Air Cargo Demand Remains Strong Despite Normalization Fears
As the air cargo industry enters the new year, analysts predict that demand growth may slow down significantly, potentially by up to two-thirds, as the market normalizes and trade conditions become less favorable. However, even a 4% growth rate, which is on the lower end of projections, would be considered a solid year by most industry stakeholders.
Post-Holiday Slump Eases, Volumes Rebuild
Global volume and rates have eased in the first two weeks of January, reflecting the typical post-holiday seasonal decline since the end of peak shipping activity in early December. Despite this, industry professionals say the year has started strong compared to historical trends. Demand is down about 3% halfway through the month versus a year ago, when air cargo networks were still recovering from a prolonged downturn.
Rates Soften, But Remain Strong Year Over Year
Rates softened 3.7% on a sequential basis in the first week of January, according to the Baltic Air Freight Index, but were still up 26% year over year. As of early January, airfreight rates on the China-North America trade corridor have fallen slightly less than typical from their traditional December peak.
Inventory Stockpiling Boosts Demand
Logistics companies attribute the improved seasonal economics to businesses stockpiling inventory to protect against China tariffs threatened by President Donald Trump and an earlier Lunar New Year, which starts Jan. 29. This has led to a significant uptick in cargo volumes, particularly for consumer electronics.

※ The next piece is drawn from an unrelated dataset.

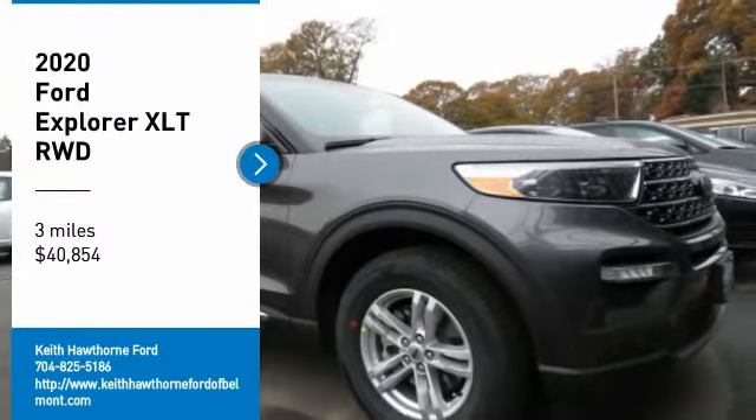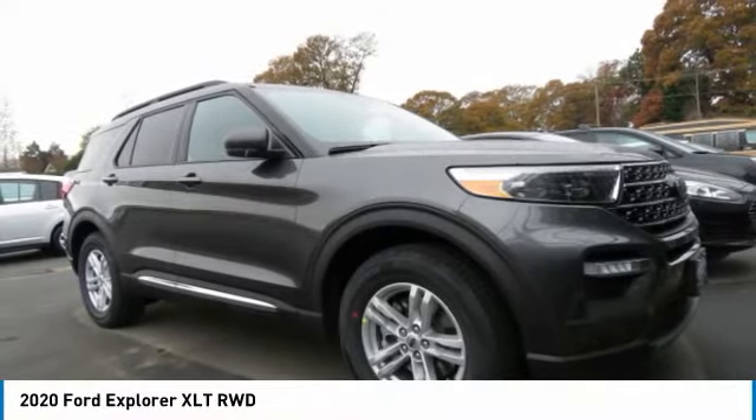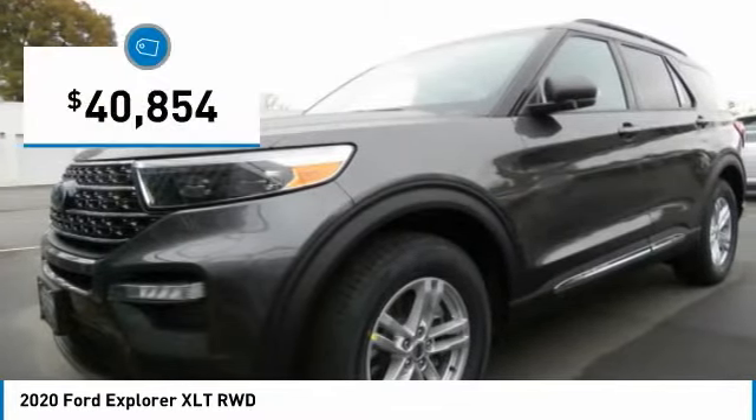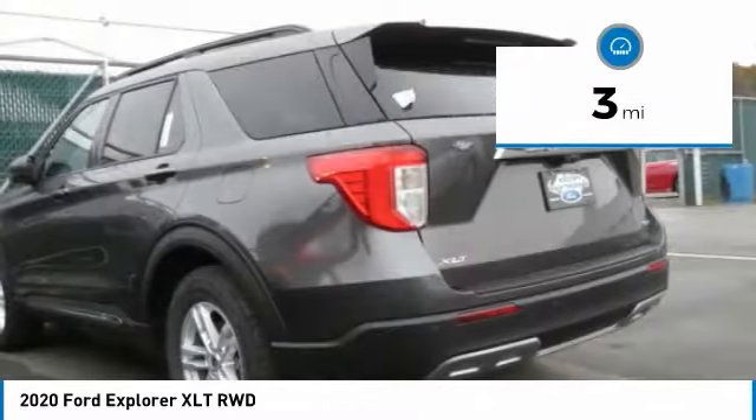Come test drive the 2020 Explorer. You've got a lot of capabilities to call on in a Ford Explorer. Don't underestimate your choices. It is priced below $45,000 and this vehicle has less than 100 miles.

Peak Season Extends into Late January
Taiwan-based freight forwarder Dimerco Express Group sees the market in similar terms, with the peak season expected to extend all the way to late January, just ahead of Chinese New Year. This unusual trend may indicate a new approach to optimizing capacity and costs.
Air Cargo Yield Increases
Air cargo yield increased 7.8% in November, 52% higher than in 2019, according to the latest statistics from the International Air Transport Association. The ingredients for last year’s strong market included the effective cutoff of the Red Sea by Houthi rebel attacks on merchant shipping, air space restrictions around Russia, and the surge in e-commerce exports from China.
E-Commerce Drives Volume Growth
E-commerce is expected to continue being the primary catalyst for air cargo volume growth this year. Experts attribute more than 50% of air cargo volumes out of Asia last year to e-commerce. The influx of large online marketplaces reserving huge allotments of container space has limited capacity for traditional freight like apparel, electronics, and automotive parts, influencing the upward move in yields.
Contract Rates Increase
For 2025, airlines have announced a 10% increase in contract rates. At the same time, freight forwarders negotiated nearly half of their volumes in the more volatile spot market, which undercut margins as airlines raised selling rates.
Downside Risks Ahead
Multiple analysts project volume growth will cool down to 4% to 6% this year. Downside risks include the resumption of shipping through the Suez Canal, a soft manufacturing outlook, rising protectionism, continued geopolitical tensions, and U.S. plans to restrict Chinese e-commerce sellers from leveraging a duty-free, expedited clearance program.